• WORK TO COMPLETE:
In the entries that follow, the line with "Interlocking Hearts Necklace" opens the range and the line with "Für Google Pixel" closes it; repeat that range exactly, both lines included.

--- GIVEN INFORMATION ---

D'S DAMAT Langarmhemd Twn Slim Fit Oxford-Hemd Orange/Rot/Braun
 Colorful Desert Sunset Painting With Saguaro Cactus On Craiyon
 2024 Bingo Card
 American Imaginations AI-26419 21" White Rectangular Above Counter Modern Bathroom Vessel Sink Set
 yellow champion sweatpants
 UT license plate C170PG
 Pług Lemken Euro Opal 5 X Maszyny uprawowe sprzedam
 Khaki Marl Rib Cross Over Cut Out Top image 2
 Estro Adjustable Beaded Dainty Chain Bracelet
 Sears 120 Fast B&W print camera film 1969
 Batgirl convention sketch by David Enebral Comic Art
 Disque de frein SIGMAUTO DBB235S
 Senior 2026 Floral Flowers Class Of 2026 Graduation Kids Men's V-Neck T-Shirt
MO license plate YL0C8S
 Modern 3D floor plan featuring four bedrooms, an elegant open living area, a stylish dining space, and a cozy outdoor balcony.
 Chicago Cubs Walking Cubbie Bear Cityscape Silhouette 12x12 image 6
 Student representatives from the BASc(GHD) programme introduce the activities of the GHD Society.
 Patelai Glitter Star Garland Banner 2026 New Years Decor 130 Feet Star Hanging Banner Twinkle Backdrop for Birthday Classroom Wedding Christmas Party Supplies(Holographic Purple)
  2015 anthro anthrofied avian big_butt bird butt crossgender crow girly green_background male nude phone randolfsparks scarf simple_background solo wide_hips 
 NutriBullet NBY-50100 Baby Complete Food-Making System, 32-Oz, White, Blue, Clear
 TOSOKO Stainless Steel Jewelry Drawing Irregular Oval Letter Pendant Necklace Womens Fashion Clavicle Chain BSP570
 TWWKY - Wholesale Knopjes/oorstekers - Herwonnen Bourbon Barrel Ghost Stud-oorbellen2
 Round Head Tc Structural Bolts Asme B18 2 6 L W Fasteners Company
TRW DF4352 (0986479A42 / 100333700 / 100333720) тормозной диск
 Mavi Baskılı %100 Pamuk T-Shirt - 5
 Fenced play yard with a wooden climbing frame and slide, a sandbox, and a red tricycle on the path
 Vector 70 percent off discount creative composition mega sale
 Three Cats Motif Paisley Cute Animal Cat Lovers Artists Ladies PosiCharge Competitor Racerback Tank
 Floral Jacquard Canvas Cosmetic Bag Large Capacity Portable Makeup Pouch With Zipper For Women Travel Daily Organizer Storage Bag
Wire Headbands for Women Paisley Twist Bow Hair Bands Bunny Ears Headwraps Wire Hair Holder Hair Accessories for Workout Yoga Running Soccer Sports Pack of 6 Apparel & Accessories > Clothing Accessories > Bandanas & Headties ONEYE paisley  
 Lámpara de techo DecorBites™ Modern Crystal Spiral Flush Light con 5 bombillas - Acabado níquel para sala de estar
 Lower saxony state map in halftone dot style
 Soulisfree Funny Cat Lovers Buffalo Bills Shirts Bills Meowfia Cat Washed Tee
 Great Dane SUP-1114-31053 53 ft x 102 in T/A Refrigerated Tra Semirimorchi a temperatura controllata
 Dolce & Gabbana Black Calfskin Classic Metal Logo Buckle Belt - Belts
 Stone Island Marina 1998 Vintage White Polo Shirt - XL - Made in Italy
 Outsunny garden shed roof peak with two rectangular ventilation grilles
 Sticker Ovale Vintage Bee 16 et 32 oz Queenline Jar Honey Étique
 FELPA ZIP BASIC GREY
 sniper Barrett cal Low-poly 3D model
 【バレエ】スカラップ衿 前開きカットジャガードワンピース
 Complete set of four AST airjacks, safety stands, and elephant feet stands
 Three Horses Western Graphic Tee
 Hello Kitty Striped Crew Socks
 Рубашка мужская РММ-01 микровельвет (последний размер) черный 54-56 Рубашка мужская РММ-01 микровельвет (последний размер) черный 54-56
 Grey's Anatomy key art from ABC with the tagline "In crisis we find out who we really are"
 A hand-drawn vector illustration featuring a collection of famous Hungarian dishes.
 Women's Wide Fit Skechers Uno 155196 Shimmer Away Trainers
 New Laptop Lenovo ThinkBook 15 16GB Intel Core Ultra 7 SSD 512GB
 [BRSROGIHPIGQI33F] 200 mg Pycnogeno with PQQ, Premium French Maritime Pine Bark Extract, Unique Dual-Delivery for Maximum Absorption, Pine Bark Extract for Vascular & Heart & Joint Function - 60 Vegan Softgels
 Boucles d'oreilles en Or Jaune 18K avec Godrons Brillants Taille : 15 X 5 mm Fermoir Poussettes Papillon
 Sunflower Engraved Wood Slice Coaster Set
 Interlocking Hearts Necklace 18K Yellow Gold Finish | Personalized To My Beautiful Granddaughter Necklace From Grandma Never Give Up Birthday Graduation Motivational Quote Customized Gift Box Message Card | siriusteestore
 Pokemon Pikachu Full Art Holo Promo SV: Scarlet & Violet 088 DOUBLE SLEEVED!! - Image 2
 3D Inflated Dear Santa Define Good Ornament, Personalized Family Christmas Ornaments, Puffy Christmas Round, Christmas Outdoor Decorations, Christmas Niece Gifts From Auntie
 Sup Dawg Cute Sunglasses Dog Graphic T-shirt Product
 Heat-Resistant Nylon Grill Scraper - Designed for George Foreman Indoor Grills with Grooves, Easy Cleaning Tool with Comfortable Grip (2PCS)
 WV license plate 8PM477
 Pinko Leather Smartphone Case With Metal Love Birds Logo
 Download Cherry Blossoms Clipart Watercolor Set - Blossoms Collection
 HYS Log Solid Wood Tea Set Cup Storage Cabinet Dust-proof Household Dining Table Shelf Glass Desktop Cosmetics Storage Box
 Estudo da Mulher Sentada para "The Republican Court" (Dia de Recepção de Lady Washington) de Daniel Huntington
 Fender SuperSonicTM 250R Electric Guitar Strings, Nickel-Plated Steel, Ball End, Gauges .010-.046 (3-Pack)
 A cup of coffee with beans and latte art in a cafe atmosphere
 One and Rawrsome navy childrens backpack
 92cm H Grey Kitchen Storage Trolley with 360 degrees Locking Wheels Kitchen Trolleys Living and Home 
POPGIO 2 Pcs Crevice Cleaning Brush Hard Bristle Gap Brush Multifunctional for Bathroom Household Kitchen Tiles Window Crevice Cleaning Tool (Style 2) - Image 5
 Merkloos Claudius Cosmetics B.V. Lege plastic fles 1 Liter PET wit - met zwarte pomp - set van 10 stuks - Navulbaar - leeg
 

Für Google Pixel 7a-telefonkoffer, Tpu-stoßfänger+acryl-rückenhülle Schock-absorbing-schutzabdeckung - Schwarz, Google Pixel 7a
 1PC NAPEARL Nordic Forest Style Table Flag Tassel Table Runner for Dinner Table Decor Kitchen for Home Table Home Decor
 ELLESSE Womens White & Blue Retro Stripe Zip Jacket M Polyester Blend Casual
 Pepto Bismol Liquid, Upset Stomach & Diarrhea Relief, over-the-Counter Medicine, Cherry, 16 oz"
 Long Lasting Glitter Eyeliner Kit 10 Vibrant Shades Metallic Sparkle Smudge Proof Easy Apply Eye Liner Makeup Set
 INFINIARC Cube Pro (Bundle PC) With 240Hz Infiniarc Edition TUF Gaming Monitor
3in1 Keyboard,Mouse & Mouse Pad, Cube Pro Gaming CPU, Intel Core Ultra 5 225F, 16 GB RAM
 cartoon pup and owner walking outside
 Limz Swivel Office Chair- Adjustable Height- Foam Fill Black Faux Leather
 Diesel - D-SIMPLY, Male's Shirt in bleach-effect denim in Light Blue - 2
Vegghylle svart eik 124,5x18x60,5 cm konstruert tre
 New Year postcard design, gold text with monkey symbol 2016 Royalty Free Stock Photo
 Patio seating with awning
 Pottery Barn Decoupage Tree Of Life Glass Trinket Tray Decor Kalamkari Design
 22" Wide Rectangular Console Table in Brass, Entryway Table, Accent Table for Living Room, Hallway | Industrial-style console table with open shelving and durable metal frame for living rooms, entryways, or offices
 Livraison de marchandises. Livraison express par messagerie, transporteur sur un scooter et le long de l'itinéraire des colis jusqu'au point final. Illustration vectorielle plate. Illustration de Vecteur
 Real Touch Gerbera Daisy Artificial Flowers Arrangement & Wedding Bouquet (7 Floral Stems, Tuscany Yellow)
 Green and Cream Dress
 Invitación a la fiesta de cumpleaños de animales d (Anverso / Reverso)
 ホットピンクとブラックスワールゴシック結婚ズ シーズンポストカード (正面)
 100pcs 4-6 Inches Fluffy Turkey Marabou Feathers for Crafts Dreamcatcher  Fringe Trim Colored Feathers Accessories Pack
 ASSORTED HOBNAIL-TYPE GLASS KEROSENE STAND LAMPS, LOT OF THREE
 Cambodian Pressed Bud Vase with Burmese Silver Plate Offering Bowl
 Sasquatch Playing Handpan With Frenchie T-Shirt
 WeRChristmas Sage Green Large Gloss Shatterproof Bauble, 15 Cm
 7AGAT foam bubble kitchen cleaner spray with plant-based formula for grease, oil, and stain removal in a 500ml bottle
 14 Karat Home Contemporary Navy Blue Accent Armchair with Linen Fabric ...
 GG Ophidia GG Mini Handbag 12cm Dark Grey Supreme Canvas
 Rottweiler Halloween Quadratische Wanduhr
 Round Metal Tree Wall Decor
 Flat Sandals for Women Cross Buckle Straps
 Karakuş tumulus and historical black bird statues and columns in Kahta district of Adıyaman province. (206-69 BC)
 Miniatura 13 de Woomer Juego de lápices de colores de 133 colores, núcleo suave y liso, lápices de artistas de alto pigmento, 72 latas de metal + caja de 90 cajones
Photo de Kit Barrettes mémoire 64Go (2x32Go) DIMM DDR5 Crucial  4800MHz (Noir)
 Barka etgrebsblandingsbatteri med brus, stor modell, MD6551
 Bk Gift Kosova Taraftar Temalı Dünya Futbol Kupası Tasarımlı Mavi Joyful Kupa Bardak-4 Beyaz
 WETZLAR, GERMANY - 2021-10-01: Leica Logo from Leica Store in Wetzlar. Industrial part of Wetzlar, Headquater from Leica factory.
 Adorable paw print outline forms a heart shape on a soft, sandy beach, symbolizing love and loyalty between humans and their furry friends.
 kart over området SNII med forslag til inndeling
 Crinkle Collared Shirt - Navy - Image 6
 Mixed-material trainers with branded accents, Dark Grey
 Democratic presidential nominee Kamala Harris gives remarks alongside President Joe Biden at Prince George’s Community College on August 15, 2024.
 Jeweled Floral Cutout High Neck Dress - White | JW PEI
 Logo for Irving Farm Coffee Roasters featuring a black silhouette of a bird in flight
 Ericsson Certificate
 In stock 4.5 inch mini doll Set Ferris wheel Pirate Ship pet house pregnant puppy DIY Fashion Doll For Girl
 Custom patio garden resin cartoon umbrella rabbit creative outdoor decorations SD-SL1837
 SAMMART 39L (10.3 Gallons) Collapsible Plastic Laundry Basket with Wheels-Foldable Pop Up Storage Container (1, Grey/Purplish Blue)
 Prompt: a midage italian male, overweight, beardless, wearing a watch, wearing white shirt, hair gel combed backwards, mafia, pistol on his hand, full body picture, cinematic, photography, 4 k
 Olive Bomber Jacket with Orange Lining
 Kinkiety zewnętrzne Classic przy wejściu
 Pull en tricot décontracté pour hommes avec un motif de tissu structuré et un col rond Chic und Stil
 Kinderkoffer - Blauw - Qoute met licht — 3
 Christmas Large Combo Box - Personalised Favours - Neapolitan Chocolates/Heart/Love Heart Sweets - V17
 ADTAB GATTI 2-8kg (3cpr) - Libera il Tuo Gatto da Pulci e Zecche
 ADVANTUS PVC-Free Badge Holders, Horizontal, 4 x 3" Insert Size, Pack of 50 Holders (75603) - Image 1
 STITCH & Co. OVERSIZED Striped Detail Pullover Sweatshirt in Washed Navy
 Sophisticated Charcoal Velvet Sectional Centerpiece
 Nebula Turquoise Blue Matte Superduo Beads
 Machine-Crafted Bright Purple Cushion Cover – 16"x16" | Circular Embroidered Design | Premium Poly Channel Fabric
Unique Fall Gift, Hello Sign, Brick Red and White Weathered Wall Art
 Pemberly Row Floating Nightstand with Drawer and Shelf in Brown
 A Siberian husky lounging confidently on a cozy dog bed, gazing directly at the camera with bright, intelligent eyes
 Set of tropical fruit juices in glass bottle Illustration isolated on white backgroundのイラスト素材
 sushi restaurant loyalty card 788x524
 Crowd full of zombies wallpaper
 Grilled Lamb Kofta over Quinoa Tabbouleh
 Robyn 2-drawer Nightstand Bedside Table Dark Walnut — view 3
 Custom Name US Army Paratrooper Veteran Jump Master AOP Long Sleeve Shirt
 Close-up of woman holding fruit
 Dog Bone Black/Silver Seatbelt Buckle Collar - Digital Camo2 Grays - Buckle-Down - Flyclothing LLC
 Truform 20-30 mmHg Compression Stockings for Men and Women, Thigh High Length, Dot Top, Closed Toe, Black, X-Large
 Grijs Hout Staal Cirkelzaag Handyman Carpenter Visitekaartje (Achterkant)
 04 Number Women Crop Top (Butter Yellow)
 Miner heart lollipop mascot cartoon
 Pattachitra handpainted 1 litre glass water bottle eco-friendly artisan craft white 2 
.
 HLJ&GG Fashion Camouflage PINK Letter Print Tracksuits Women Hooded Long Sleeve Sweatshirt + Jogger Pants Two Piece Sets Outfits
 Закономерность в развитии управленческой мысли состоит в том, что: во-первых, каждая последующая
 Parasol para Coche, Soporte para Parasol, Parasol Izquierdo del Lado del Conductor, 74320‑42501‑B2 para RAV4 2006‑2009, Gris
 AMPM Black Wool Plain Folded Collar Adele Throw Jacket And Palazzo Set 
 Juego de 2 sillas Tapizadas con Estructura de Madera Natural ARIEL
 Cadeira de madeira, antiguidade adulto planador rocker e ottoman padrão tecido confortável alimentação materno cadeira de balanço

---

• SOLUTION:
 Interlocking Hearts Necklace 18K Yellow Gold Finish | Personalized To My Beautiful Granddaughter Necklace From Grandma Never Give Up Birthday Graduation Motivational Quote Customized Gift Box Message Card | siriusteestore
 Pokemon Pikachu Full Art Holo Promo SV: Scarlet & Violet 088 DOUBLE SLEEVED!! - Image 2
 3D Inflated Dear Santa Define Good Ornament, Personalized Family Christmas Ornaments, Puffy Christmas Round, Christmas Outdoor Decorations, Christmas Niece Gifts From Auntie
 Sup Dawg Cute Sunglasses Dog Graphic T-shirt Product
 Heat-Resistant Nylon Grill Scraper - Designed for George Foreman Indoor Grills with Grooves, Easy Cleaning Tool with Comfortable Grip (2PCS)
 WV license plate 8PM477
 Pinko Leather Smartphone Case With Metal Love Birds Logo
 Download Cherry Blossoms Clipart Watercolor Set - Blossoms Collection
 HYS Log Solid Wood Tea Set Cup Storage Cabinet Dust-proof Household Dining Table Shelf Glass Desktop Cosmetics Storage Box
 Estudo da Mulher Sentada para "The Republican Court" (Dia de Recepção de Lady Washington) de Daniel Huntington
 Fender SuperSonicTM 250R Electric Guitar Strings, Nickel-Plated Steel, Ball End, Gauges .010-.046 (3-Pack)
 A cup of coffee with beans and latte art in a cafe atmosphere
 One and Rawrsome navy childrens backpack
 92cm H Grey Kitchen Storage Trolley with 360 degrees Locking Wheels Kitchen Trolleys Living and Home 
POPGIO 2 Pcs Crevice Cleaning Brush Hard Bristle Gap Brush Multifunctional for Bathroom Household Kitchen Tiles Window Crevice Cleaning Tool (Style 2) - Image 5
 Merkloos Claudius Cosmetics B.V. Lege plastic fles 1 Liter PET wit - met zwarte pomp - set van 10 stuks - Navulbaar - leeg
 

Für Google Pixel 7a-telefonkoffer, Tpu-stoßfänger+acryl-rückenhülle Schock-absorbing-schutzabdeckung - Schwarz, Google Pixel 7a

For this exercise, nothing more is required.